§ Entries supplied
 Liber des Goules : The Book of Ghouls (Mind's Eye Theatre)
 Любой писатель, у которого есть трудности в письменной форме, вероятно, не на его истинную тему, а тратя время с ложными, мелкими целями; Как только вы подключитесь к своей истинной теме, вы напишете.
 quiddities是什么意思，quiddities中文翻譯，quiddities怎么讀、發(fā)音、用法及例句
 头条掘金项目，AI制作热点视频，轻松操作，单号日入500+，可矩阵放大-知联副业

--

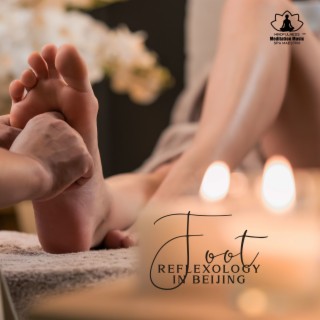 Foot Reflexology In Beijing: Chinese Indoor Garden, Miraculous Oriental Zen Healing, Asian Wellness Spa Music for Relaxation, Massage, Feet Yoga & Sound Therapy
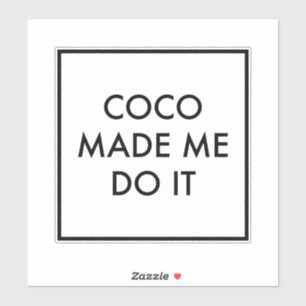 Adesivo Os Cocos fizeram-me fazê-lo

§ Problem statement
Return exactly, and only, the lines above starting at the line that contains "Liber des Goules" and ending at the line that contains "Любой писатель, у".

§ Exercise answer
 Liber des Goules : The Book of Ghouls (Mind's Eye Theatre)
 Любой писатель, у которого есть трудности в письменной форме, вероятно, не на его истинную тему, а тратя время с ложными, мелкими целями; Как только вы подключитесь к своей истинной теме, вы напишете.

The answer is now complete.